BioMedical Design Novo Nordisk Foundation Fellowship Programme

We empower and launch healthcare innovators

At BioMedical Design Novo Nordisk Foundation Fellowship Programme we train talents to spot needs in the health sector and create solutions which help patients and health professionals in hospitals.

Our fellows learn how to commercialise their solution and establish a start-up. Fellows work in interdisciplinary teams within the fields of design thinking, health innovation, science, business development and entrepreneurship.


10 months – full time.

Study location:

Aarhus or Copenhagen.


All teaching is in English.

We invite 16 talents to join the fellowship each year. 10 fellows will be at each of our office spaces in either Aarhus or Copenhagen. The fellowship is free, and stipend paid. The fellowship is an upgrade to your competencies, and career opportunities lie within health innovation either internally at a hospital or company or as a start-up.

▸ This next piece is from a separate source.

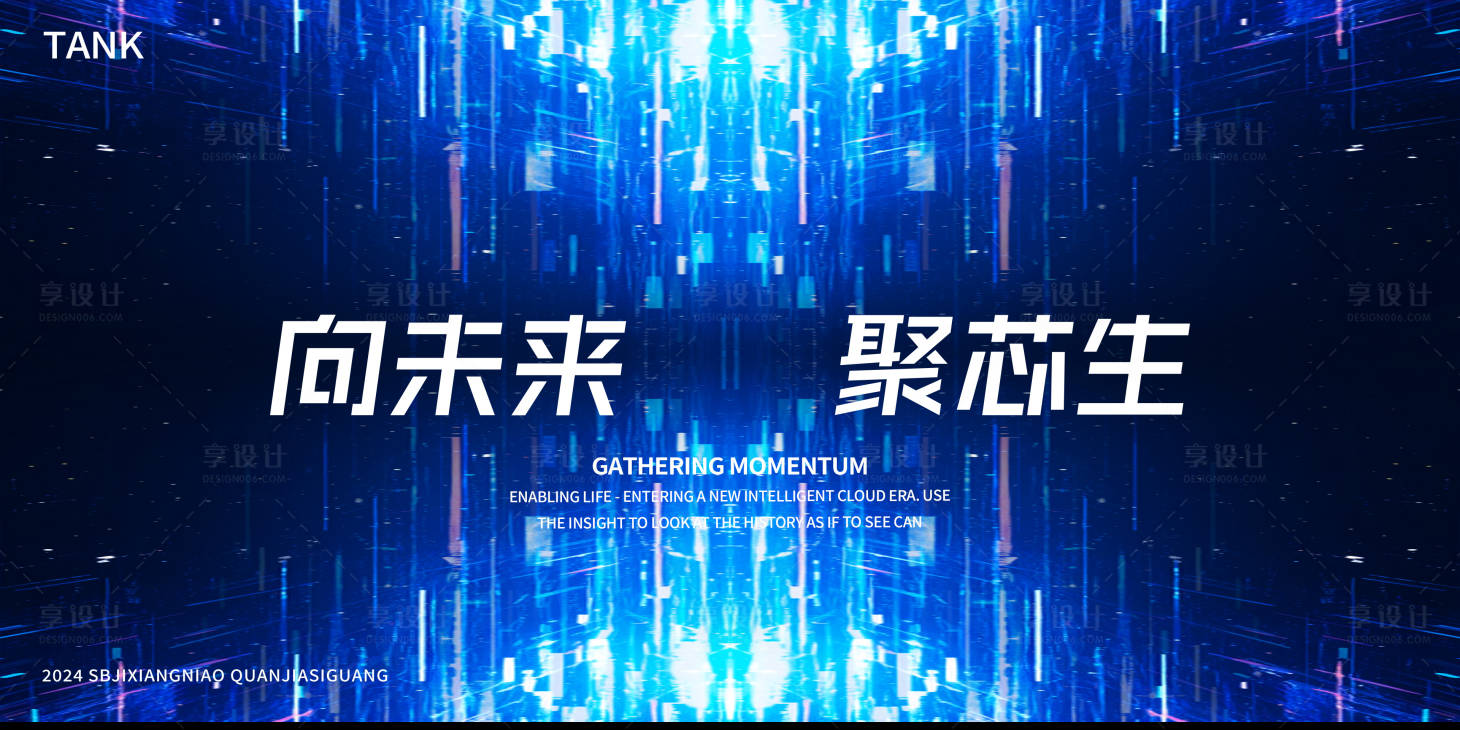 源文件下载【享设计】搜索编号：46570025991217056【对焦科技之光大会活动背景板】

Can you create value for future healthcare?

  • A bachelor degree + min. 5 years of work experience
  • A master degree + min 3 years of work experience (research work and post doc work count as work experience)
  • If you are a medical doctor you need to have completed your KBU and first year of residence.
  • A professional background within medicine, life science, business administration, engineering, design, or social science disciplines.
  • A proven track record from the healthcare sector or industry. Alternatively, documented experience in running innovation projects or entrepreneurial activities.
  • An interest in interdisciplinary work, flexibility on mobility requirements/travel activities, and possibility to get a leave of absence from your job, if you are employed.

About us

We empower and launch healthcare entrepreneurs to create value for future healthcare. Our goal is to inspire talents to become exceptional innovators to impact healthcare through needs-led innovation.

BioMedical Design is a cross institutional initiative at Aarhus University and the University of Copenhagen and funded by the Novo Nordisk Foundation.